Probably the fact that they were. The 2.2 engines they were tossing into everything with four wheels really werent bad, it did get up and go pretty well by the standards of the day and got pretty decent mileage, but the rest of the car absolute pure junk. Knew enough people who had them when we were teens just starting to wrench on cars, and we were constantly having to fix... something. Anything. Freaking everything. My poor grandfather gave me his dead nuts reliable late 60's Dart with the beloved slant six, and bought home a brand new Horizon, and that rolling junkyard went back and forth to the dealer so many times he should have plopped his bed and TV into the service department waiting area and just moved in permanently.
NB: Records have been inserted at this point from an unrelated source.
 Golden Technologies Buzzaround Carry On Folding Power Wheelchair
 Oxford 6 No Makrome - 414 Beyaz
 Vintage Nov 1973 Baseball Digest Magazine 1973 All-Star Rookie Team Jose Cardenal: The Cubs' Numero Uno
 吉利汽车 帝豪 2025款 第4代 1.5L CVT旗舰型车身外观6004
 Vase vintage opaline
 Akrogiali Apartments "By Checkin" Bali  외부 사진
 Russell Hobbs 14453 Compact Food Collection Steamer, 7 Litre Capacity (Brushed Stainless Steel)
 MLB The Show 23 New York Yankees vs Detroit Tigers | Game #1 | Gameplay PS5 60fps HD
When he died my dad brought the car home to us and by the time that wretched beast was five years old and had 50,000 or so miles on it, it looked like it was 14+ years old and had 190,000. Of all the cars we ever had, that was truly the only one where I was seriously, honestly embarrassed to be seen in.
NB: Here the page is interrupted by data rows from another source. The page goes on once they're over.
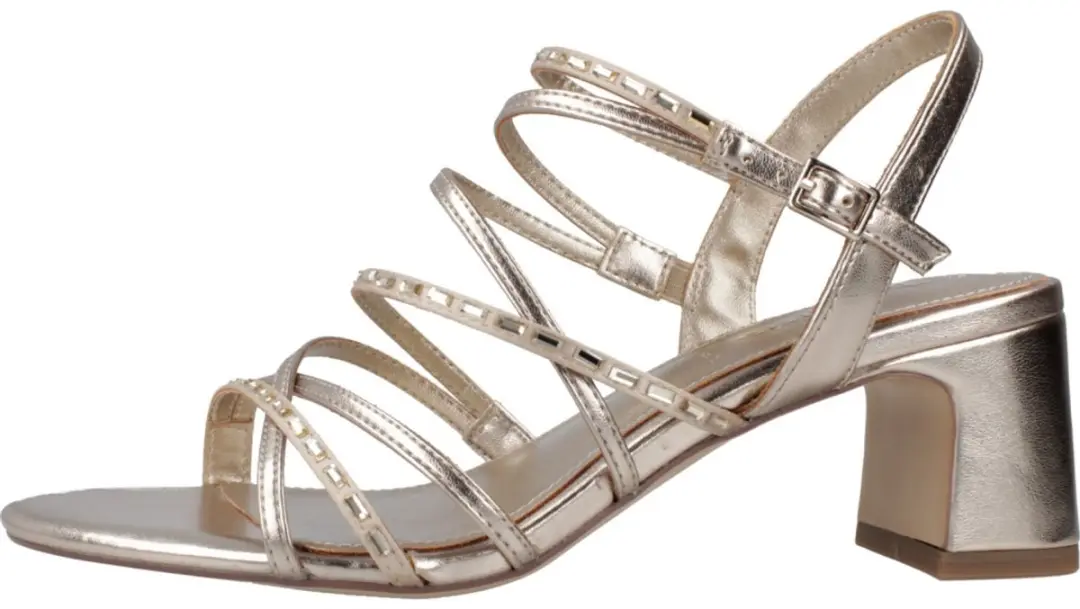 Tamaris Core Dames Sandalen - Lichtgoud - afbeelding 3 van 6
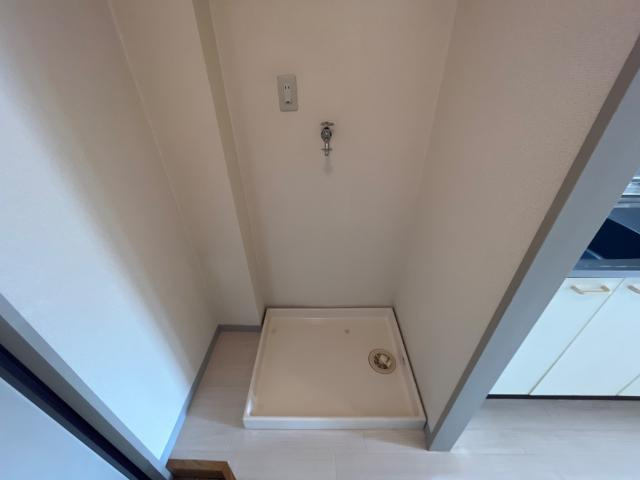 グレースカーサⅢのその他|洗濯機置き場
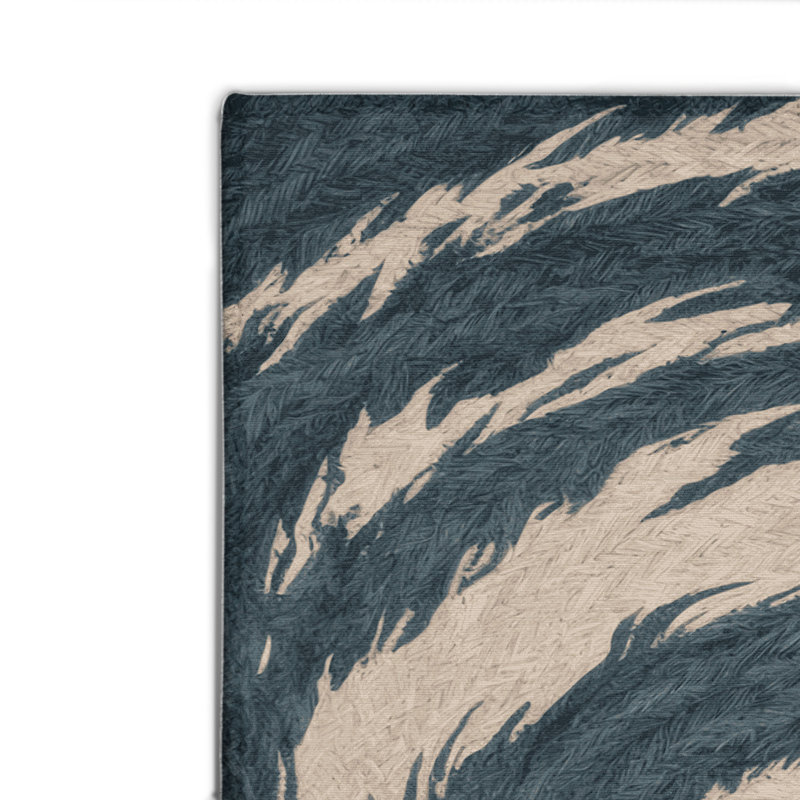 Tapis intérieur et extérieur gris Nature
I know they sold a ton of them and I'm glad it helped their bottom line but the build quality of those cars was amazingly subpar even for that era.
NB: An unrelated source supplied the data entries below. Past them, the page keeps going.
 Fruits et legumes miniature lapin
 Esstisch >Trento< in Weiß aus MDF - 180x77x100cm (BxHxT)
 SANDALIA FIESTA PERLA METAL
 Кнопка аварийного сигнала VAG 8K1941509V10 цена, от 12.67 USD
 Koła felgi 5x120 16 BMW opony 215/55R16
They weren't that horrible. Most years they were the lowest price new car out there, they rode well, had a ton of space inside and comfortable seats. The 2.2 had a ton of power for that little car. The Holley carb sucked and didn't get replaced with TBI until 1988 and the door hardware felt super cheezy (the mechanism that operated the door latch and lock plunger) otherwise they weren't bad cars at all. Cheap, basic transportation.